Working with Lidar
This chapter documents lidar workflows in WbW-Py, including file-backed processing, metadata checks, and output controls.
Lidar datasets are typically large enough that memory strategy becomes a primary design concern. The core pattern in this chapter is to combine file-backed objects, vectorized column operations, and chunked processing so scripts scale from small validation tiles to production-scale point clouds without rewriting your workflow model.
Baseline Workflow
This baseline confirms read, inspect, transform, and write in a single lidar path before introducing chunking complexity.
import whitebox_workflows as wb
wbe = wb.WbEnvironment()
las = wbe.read_lidar('survey.las')
meta = las.metadata()
print(meta.file_path)
print('epsg:', meta.crs_epsg)
normals = wbe.lidar.calculate_point_normals(las)
wbe.write_lidar(normals, 'survey_normals.copc.laz')

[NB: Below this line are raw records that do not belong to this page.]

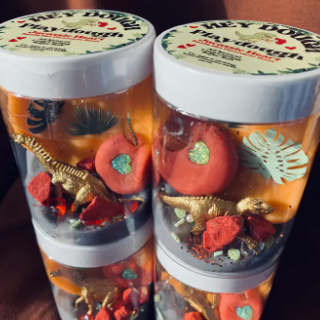 Two jars with decorative elements on a wooden surface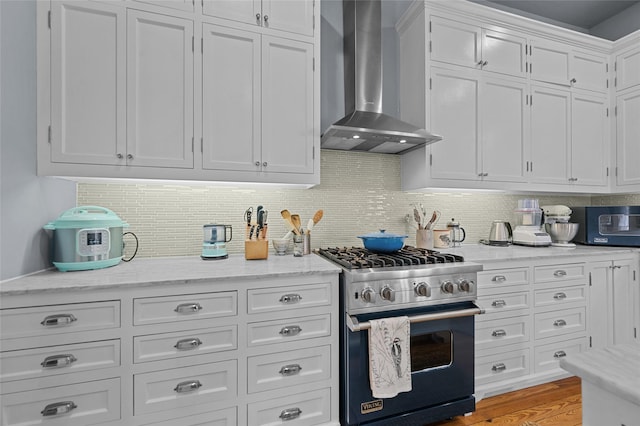 1818 Decatur St, Houston, TX 77007 - kitchen featuring stainless steel appliances, wall chimney range hood, white cabinetry, and decorative backsplash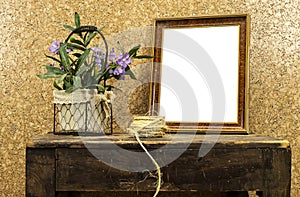 Still life: empty picture frame mockup on wooden old desk table. purple flowers vase and rope. Elegant working space, home office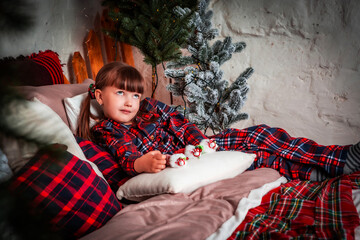 Happy little girl child in pajamas lies in bed in bedroom. Christmas. New Year. St. Nicholas Day. Time of holidays and miracles.	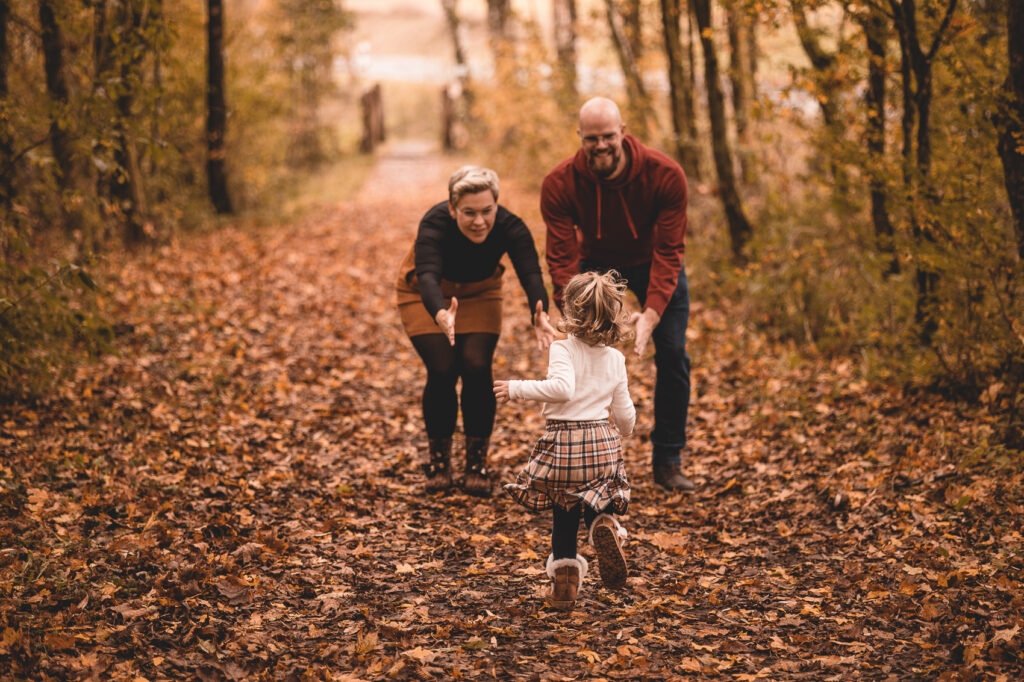 Familie im Wald, Kind läuft auf Eltern zu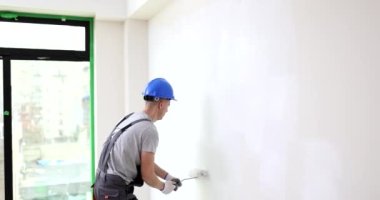 İnşaatçı evin duvarını paten fırçasıyla boyuyor. Dekorasyon ve iç dekorasyon kavramı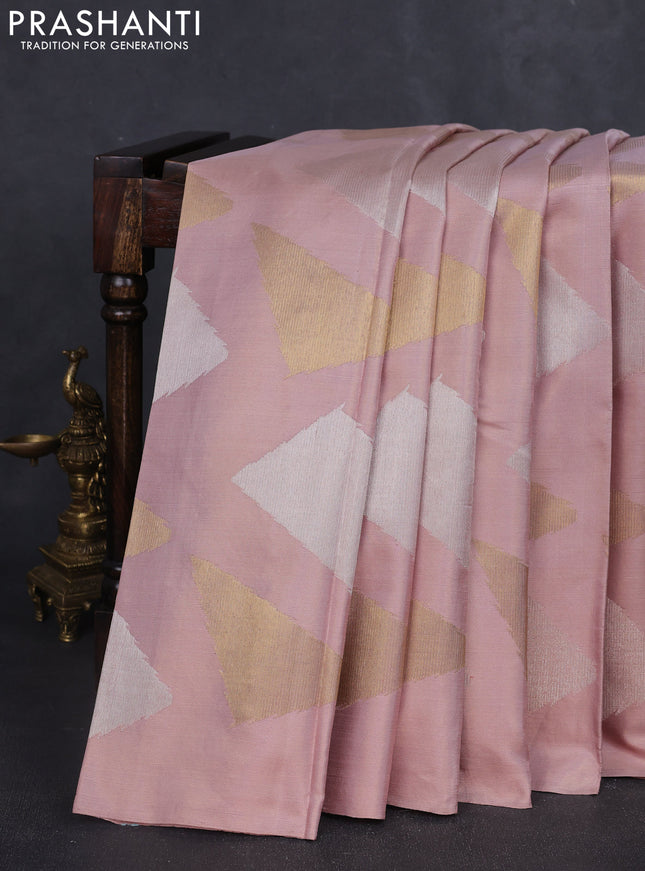 Pure kanchipuram silk saree pastel peach with allover zari woven geometric brocade weaves in borderless style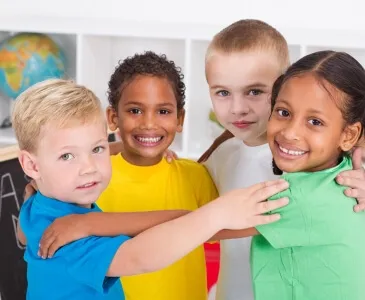 Four smiling children with their arms around each other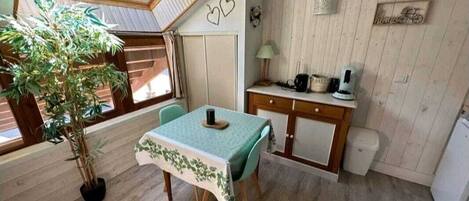 A compact room with a dining table, a small kitchen area, a potted plant, and a skylight.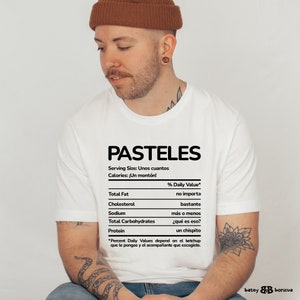 May include: A white t-shirt with a black graphic of a nutrition facts label for "PASTELES". The label says "Serving Size: Unos cuantos" and "Calories: &iexcl;Un mont&oacute;n!" with a disclaimer at the bottom that says "*Percent Daily Values depend on el ketchup que le pongas y el acompa&ntilde;ante que escogiste."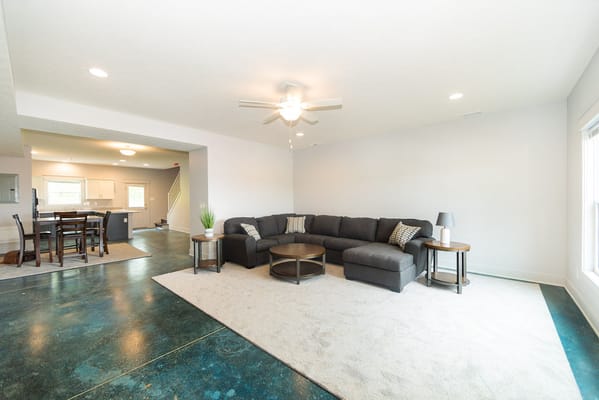 Bright common area with a sectional sofa and table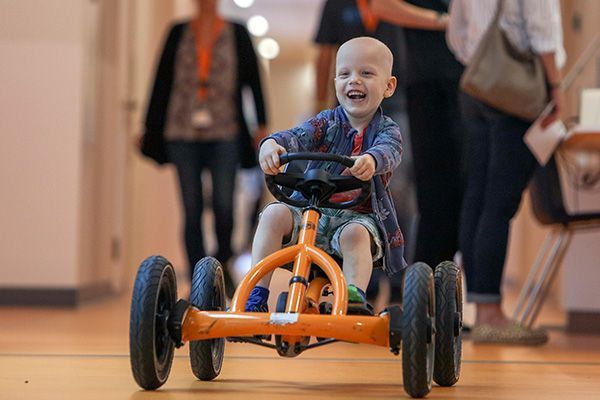 Een peuter lacht op een oranje driewieler binnenshuis, met wazige mensen die op de achtergrond lopen.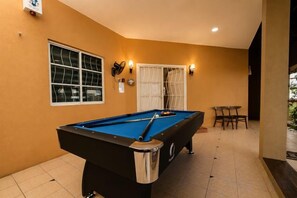 A pool table in a room with a window and a door. - Batu Pahat Santalia Villa 4BR 12pax Private Pool (Simpang Kanan)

Memory-Backed Lidar for Pipeline Efficiency
For workflows that chain multiple lidar operations, memory-backed lidar objects eliminate disk I/O between steps. This is valuable when processing large point clouds through sequential filtering or classification steps.
Load a point cloud into memory with file_mode='m':
import whitebox_workflows as wb
wbe = wb.WbEnvironment()
# Read directly into memory
survey = wbe.read_lidar('survey.las', file_mode='m')
print(survey.file_path) # prints: memory://lidar/...
Memory-backed lidar objects support the full NumPy API and all downstream operations:
import whitebox_workflows as wb
import numpy as np
wbe = wb.WbEnvironment()
# Read into memory
survey = wbe.read_lidar('survey.las', file_mode='m')
# Inspect and process
meta = survey.metadata()
print(f'Points: {meta.point_count}')
# Extract and edit points
arr = survey.to_numpy(cols=['x', 'y', 'z', 'classification'])
high_mask = arr[:, 2] > 250
arr[high_mask, 3] = 6
# Write edits back to disk
edited = wb.Lidar.from_numpy(
arr,
base=survey,
cols=['x', 'y', 'z', 'classification'],
output_path='survey_filtered.laz',
)
Lidar Memory Lifecycle
Memory-backed lidar objects persist until explicitly removed or cleared. For long-running lidar pipelines, manage memory explicitly:
import whitebox_workflows as wb
wbe = wb.WbEnvironment()
# Check current memory
print(f"Lidar objects in memory: {wbe.lidar_memory_count()}")
# Read point clouds
survey1 = wbe.read_lidar('large1.las', file_mode='m')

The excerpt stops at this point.